10 Most Brutal African Dictators
8. Robert Mugabe - Zimbabwe
During the 1970s, Robert Mugabe was viewed as a revolutionary hero who led the then-Rhodesia out of white minority rule into an era of self-determination for the new state of Zimbabwe. Thirty years later, he jealously clung onto power to become the world's oldest head of state, internationally reviled as an undemocratic despot, a man with scant regard for human rights who allowed his country to lapse into economic ruin.
Thanks to his successful dispossession of the white supremacist Ian Smith as part of the Zanu-PF nationalist party, Mugabe maintained considerable sympathy across Africa. Parallels between Smith's regime and Mugabe's were striking. Both used their secret police to root out and quash all political opposition. Both embarked upon vicious racial campaigns aimed at limiting the rights of an entire ethnic group. And both steadfastly stood in the way of true democracy existing in the country.

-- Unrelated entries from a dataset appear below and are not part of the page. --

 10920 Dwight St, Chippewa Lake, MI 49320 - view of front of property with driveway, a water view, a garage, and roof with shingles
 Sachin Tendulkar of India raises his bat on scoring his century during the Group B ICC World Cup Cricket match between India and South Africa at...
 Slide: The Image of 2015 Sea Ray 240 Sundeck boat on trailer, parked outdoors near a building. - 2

Mugabe's reign was full of such ironies. In 2015, he celebrated his 91st birthday; under his power, life expectancy in Zimbabwe was just 58 years old. To honour the occasion, the leader held one of the most disgustingly lavish ceremonies ever witnessed on the continent. An entire menagerie of animals was slaughtered for the festivities, and the party was estimated to have totaled £575 million. At the end of his reign, inflation had rose to such a level that one hundred trillion Zimbabwean dollars had an equivalent value of one British pound, whilst one in three children suffered stunted growth due to starvation. In 2013, Mugabe claimed his party "delivered democracy on a platter". Yet in 1983, Mugabe's Fifth Brigade slaughtered some 20,000 Ndebele people in Matabeleland, with the objective of wiping out the rival Zapu party's support in the province.
In the Shona language, the massacre was known as Gukurahundi - 'the early rain which washes away the chaff before the spring rain.' At the age of 93 and after holding power for almost four decades, it seemed the only way Zimbabweans would achieve their own political Gukurahundi was with Mugabe's death - statistically overdue by 35 years.
Then the unthinkable happened. In November 2017, the long-suffering population woke to news of a military coup in all but name, which finally forced the dictator from power. Whether the putsch - more the result of Zanu-PF squabbling than a political revolution - would lead Zimbabwe to true democracy remained uncertain, but Mugabe's expulsion allowed the nation to breathe a long-awaited sigh of relief. At least, for the time being.